# /var/log/messages spam from the kernel

## Ahnilated

Hello everyone,

I am having an issue and would like to know if anyone else is seeing this.  I keep getting the following message in /var/log/messages:

"Aug  8 16:13:50 (server removed) kernel: [246700.376529] w83627ehf w83627ehf.656: Increasing fan3 clock divider from 32 to 64"

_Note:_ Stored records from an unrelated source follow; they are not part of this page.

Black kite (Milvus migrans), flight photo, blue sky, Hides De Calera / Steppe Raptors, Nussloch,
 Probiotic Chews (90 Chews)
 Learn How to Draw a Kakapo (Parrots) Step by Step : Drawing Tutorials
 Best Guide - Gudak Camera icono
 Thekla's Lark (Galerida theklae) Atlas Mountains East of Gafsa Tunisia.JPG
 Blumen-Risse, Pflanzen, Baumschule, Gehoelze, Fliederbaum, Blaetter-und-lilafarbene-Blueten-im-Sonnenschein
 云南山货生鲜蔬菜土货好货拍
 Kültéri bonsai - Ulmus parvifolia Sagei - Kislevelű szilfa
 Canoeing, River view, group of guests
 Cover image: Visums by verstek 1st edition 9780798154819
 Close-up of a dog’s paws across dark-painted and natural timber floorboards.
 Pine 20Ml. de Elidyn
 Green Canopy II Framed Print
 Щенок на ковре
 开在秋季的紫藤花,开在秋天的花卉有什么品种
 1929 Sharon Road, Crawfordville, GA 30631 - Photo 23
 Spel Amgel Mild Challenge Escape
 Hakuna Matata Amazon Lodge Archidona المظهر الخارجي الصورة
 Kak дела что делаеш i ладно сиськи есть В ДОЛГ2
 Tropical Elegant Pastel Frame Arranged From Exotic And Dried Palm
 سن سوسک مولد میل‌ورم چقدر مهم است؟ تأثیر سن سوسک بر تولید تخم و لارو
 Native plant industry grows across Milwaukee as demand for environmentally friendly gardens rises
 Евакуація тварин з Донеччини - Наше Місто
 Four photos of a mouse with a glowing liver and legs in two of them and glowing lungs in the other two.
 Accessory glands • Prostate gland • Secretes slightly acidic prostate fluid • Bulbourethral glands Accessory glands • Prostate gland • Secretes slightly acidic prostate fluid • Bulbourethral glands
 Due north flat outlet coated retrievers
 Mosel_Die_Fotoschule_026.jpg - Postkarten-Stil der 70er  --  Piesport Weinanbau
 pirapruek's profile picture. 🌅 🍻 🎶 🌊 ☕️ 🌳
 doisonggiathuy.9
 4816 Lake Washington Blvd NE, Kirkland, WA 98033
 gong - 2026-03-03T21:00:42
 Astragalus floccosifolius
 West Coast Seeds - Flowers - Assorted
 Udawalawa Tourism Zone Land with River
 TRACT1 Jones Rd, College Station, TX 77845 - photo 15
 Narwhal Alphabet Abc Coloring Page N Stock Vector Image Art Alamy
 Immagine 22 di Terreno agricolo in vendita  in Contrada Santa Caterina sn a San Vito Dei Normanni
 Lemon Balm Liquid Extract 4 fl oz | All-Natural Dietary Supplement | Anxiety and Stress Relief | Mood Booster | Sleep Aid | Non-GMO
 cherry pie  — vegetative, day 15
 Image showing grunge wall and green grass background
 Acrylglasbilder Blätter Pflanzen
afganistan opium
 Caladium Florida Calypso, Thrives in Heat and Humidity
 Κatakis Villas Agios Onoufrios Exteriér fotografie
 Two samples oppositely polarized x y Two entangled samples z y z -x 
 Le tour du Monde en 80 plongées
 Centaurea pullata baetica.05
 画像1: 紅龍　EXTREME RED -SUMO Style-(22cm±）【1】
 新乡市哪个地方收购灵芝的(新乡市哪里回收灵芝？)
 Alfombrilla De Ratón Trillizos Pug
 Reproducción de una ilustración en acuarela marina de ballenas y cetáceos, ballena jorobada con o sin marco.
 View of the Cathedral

I get this spammed every 5 seconds into the messages file and I would like to remove it or block it.  I am using the 2.6.39-r3 kernel currently.  With this filling up the log file it makes it tough to find people trying to use postfix as a relay and blocking them.  I am not sure if this is coming from the ACPI functions in the kernel or not.  I guess I could rebuild the kernel and find out if the message goes away.

TIA,

Ahnilated

----------

## Hu

As suggested by the name, this message comes from drivers/hwmon/w83627ehf.c.  Since it is written by a dev_dbg statement, I would not expect it to appear in a production kernel.  What is your kernel dmesg verbosity level?

----------

## Ahnilated

 *Hu wrote:*   

> As suggested by the name, this message comes from drivers/hwmon/w83627ehf.c.  Since it is written by a dev_dbg statement, I would not expect it to appear in a production kernel.  What is your kernel dmesg verbosity level?

 

I am not sure how to check this.

Ahnilated

----------

## Ahnilated

I removed that driver and now the messages have stopped.  I don't really need it being my motherboard controls the fan speeds.  So thanks for the help.

Ahnilated

----------